+++ MATERIAL FOR THIS TASK

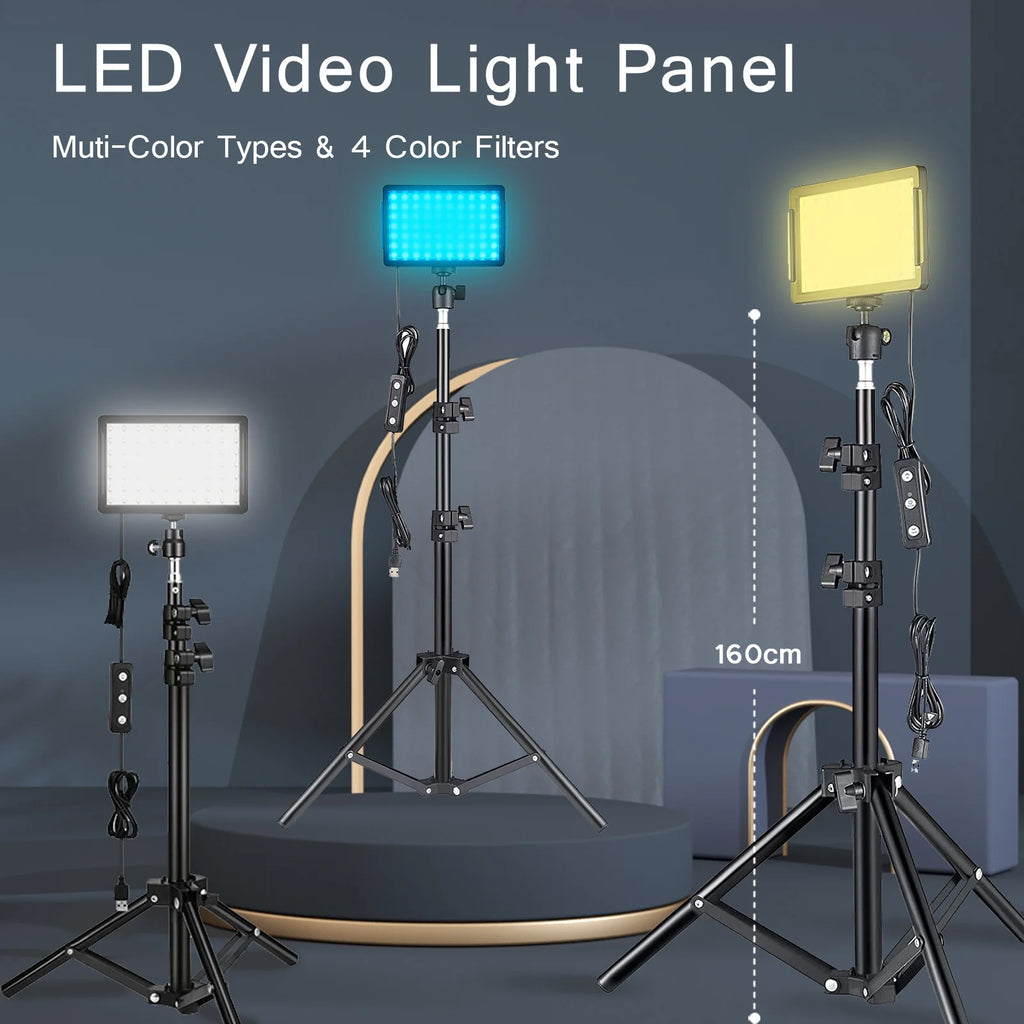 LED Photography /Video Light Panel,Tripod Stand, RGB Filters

++++++
+++ MATERIAL FOR THIS TASK

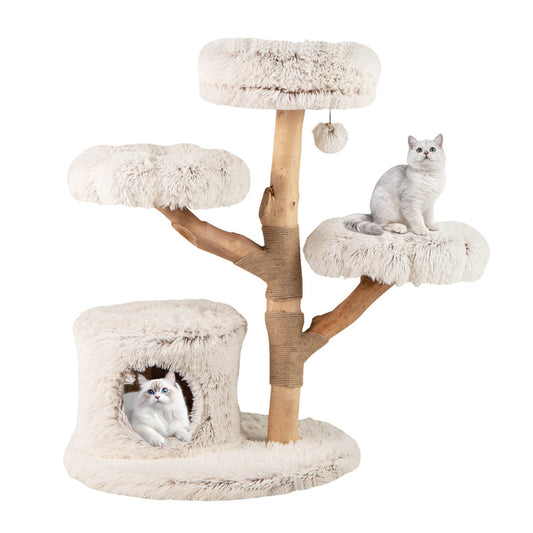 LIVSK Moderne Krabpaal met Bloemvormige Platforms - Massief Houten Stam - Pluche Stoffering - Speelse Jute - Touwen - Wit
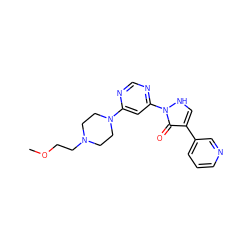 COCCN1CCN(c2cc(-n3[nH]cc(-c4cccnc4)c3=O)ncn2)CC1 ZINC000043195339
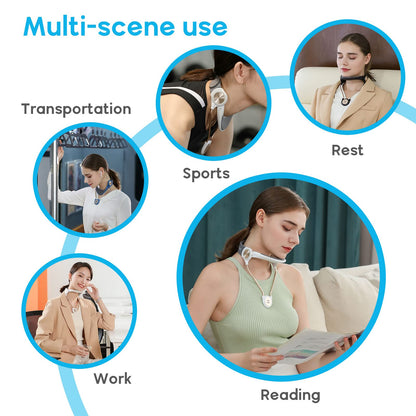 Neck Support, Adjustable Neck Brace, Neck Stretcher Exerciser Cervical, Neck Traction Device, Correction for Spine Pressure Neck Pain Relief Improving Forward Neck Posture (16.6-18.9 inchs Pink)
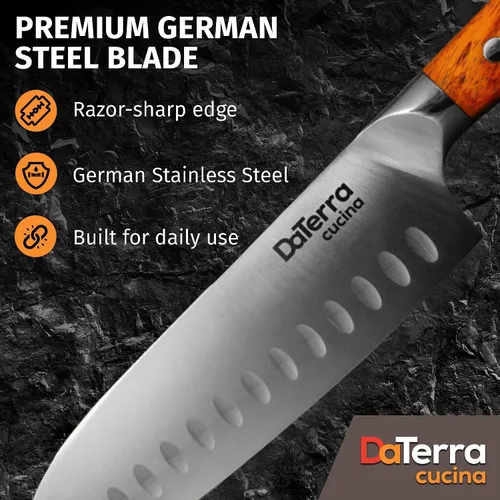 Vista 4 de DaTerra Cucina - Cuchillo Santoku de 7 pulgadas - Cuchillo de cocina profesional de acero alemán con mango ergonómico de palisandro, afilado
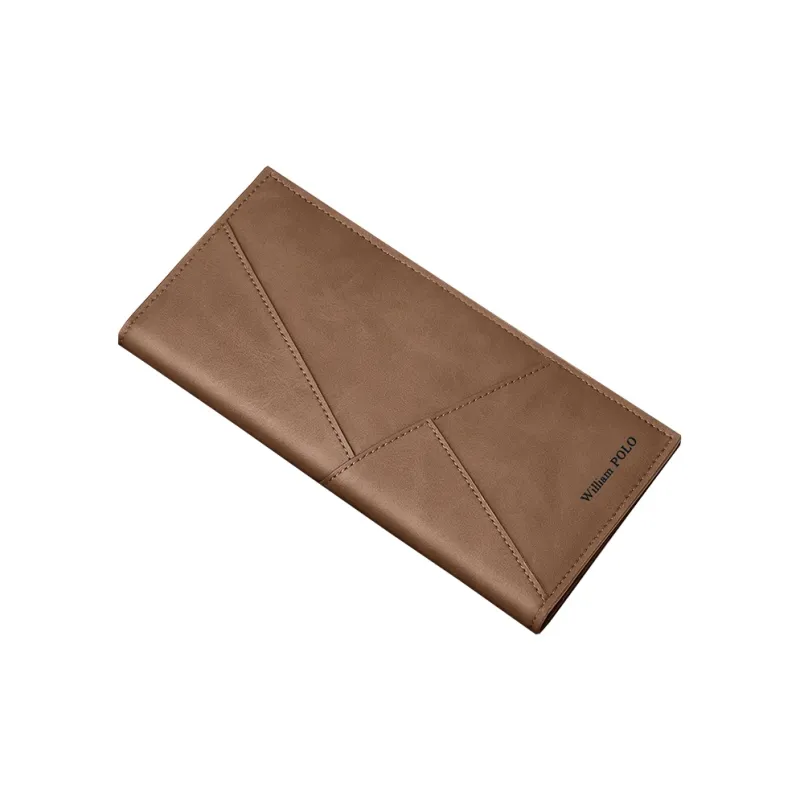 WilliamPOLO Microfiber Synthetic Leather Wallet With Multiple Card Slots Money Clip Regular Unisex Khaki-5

++++++
+++ MATERIAL FOR THIS TASK

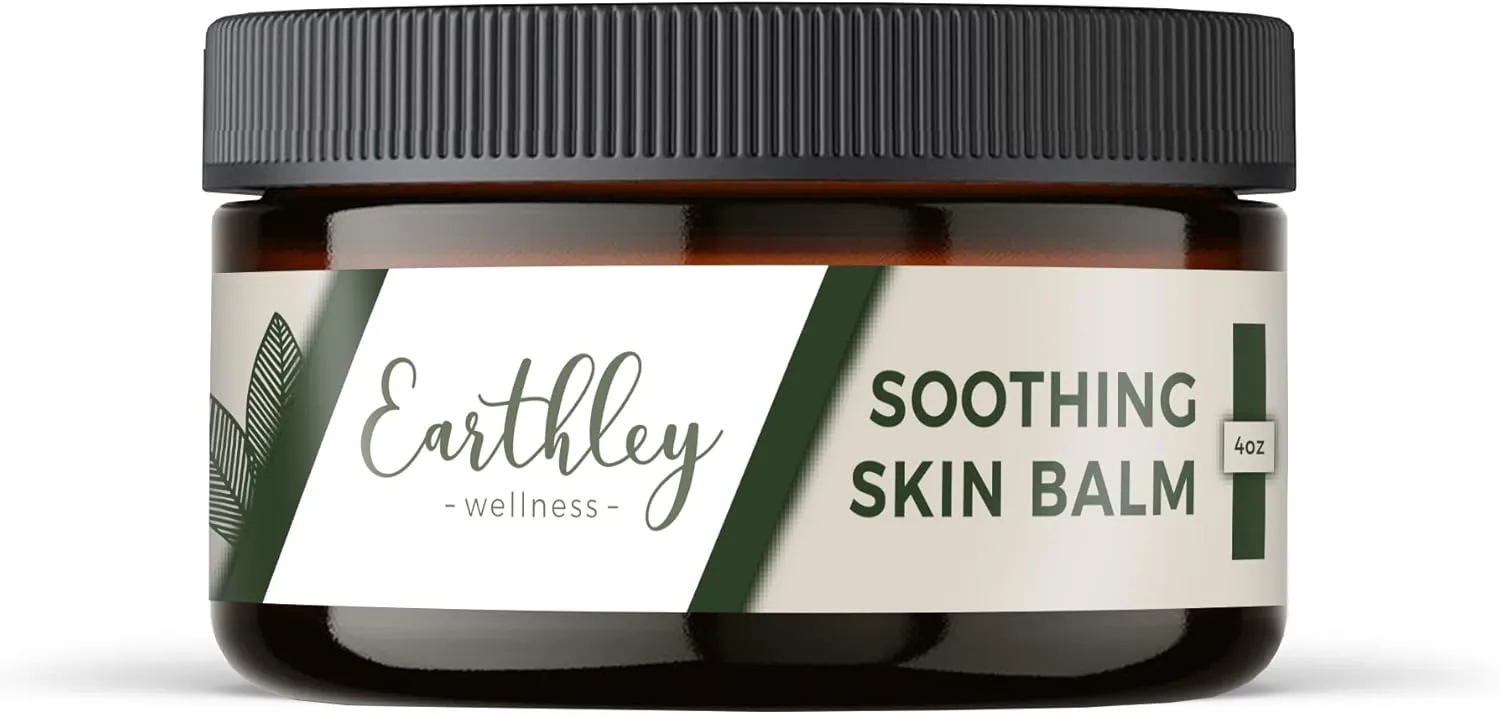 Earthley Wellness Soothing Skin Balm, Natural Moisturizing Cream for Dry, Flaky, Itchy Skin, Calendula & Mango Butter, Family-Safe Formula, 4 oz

++++++

■ PROBLEM DESCRIPTION ■
Without the pictures, set down the lines above from the line with "Neck Support, Adjustable" up to and including the line with "WilliamPOLO Microfiber Synthetic" exactly as they stand.

■ WRITTEN SOLUTION ■
 Neck Support, Adjustable Neck Brace, Neck Stretcher Exerciser Cervical, Neck Traction Device, Correction for Spine Pressure Neck Pain Relief Improving Forward Neck Posture (16.6-18.9 inchs Pink)
 Vista 4 de DaTerra Cucina - Cuchillo Santoku de 7 pulgadas - Cuchillo de cocina profesional de acero alemán con mango ergonómico de palisandro, afilado
 WilliamPOLO Microfiber Synthetic Leather Wallet With Multiple Card Slots Money Clip Regular Unisex Khaki-5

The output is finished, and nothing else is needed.